When to Start Seeds Indoors
In the UK, tomato seeds should be started indoors between late February and mid-March. Any earlier and the seedlings get leggy and weak waiting for the weather to warm up. Any later and you’re losing valuable growing time.
How to sow:
- Fill small pots or seed trays with seed compost (finer and lighter than multi-purpose compost).
- Sow seeds on the surface, about 2cm apart, and cover with a thin layer of vermiculite or sieved compost — roughly 5mm deep.
- Water gently with a fine rose or spray bottle. The compost should be moist, not soaking.
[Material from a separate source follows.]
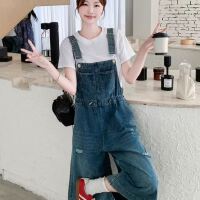 상품 썸네일 4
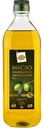 Масло оливковое Глобус Refined Olive-Pomace Oil рафинированное, 1 л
- Cover with a clear lid or cling film to retain humidity and warmth.
- Place in a warm spot — a sunny windowsill, heated propagator, or airing cupboard. Tomato seeds germinate best at 18-25°C.
- Seeds should germinate in 7-14 days. Once they appear, remove the cover and move them to the brightest spot available.
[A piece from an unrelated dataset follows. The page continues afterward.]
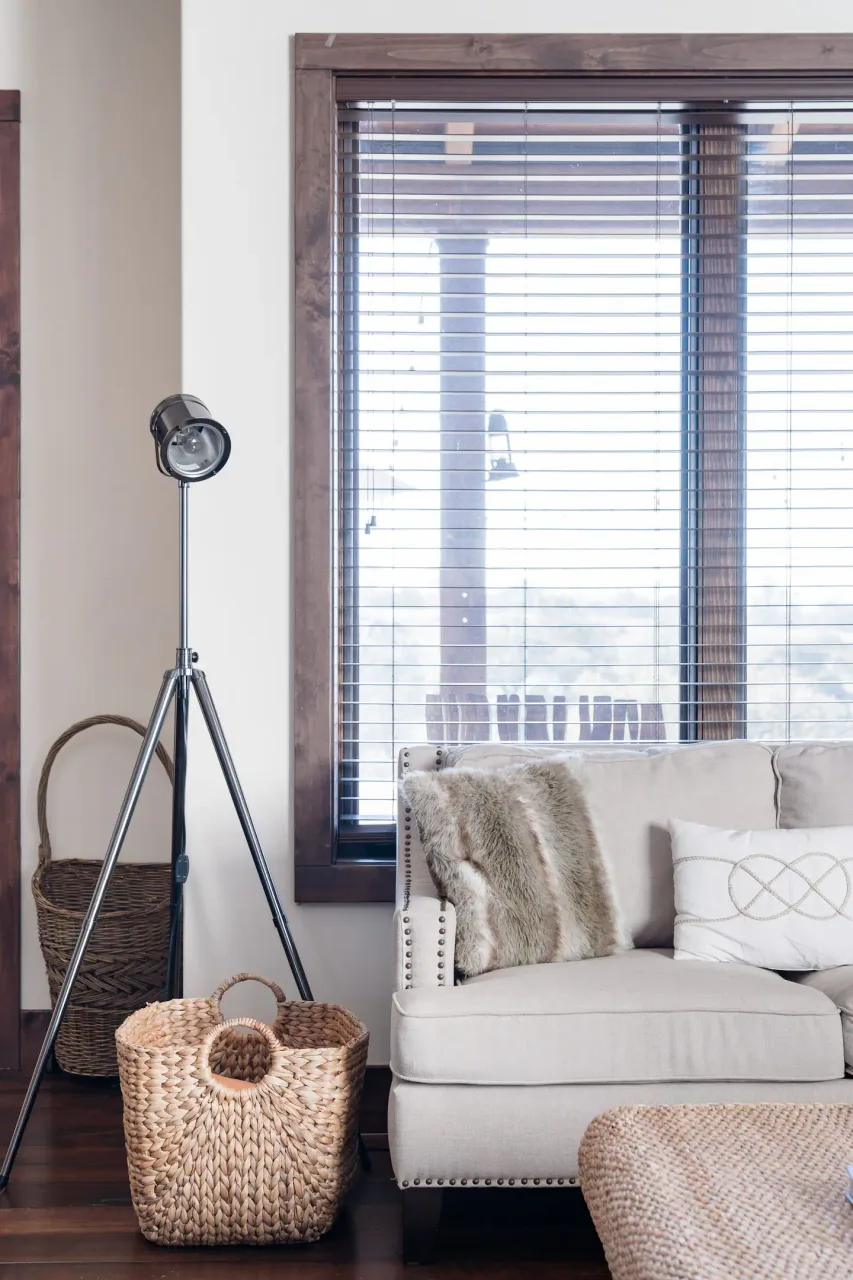 The Ranch Villa — photo 15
Tip: If your windowsill doesn’t get much light, seedlings will grow tall, thin, and floppy. A cheap LED grow light makes a significant difference — run it for 12-14 hours a day and your seedlings will be stocky and strong.
Potting On and Hardening Off
Once your seedlings have their first set of “true leaves” (the second pair, which look like proper tomato leaves rather than the rounded seed leaves), it’s time to pot them on into individual 9cm pots filled with multi-purpose compost.
Potting on tip: Bury the stem slightly deeper than it was in the seed tray. Tomato stems will grow roots from any buried section, creating a stronger root system. You can do this at every subsequent potting stage too.
Hardening off is the process of gradually getting your indoor-grown plants used to outdoor conditions. Start around late April to early May:
- Week 1: Put plants outside during the day in a sheltered spot. Bring them in at night.
- Week 2: Leave them outside overnight if temperatures stay above 8-10°C. Bring in if frost is forecast.
- After 10-14 days, the plants are hardened off and ready for planting out.
Don’t rush this. A sudden move from a warm windowsill to cold outdoor air shocks the plants and can set them back weeks.
Planting Out — When and Where
The golden rule for growing tomatoes in the UK: don’t plant out until the risk of frost has passed. For most of England and Wales, that’s late May. For Scotland and northern regions, early June is safer. If in doubt, wait — a week’s delay is better than losing plants to a late frost.
Where to plant:
- In the ground: Choose the sunniest, most sheltered spot in the garden. Against a south-facing wall is ideal — the wall absorbs heat during the day and releases it at night. Space plants 45-60cm apart.
- In grow bags: Two plants per standard grow bag is plenty — three is a squeeze and they’ll compete for water. Place the grow bag in a sunny position.
- In pots: Use at least a 10-litre pot per plant (bigger is better — a 15-20 litre pot gives much better results). Container tomatoes dry out faster, so be prepared to water daily in summer.
Feeding and Watering Schedule
Tomatoes are hungry, thirsty plants. Getting the watering and feeding right is the difference between a handful of small fruit and a bumper crop.
Watering:
- Water consistently — tomatoes hate alternating between drought and flood. Inconsistent watering causes blossom end rot and split fruit.
- Water at the base of the plant, not over the leaves. Wet foliage encourages blight.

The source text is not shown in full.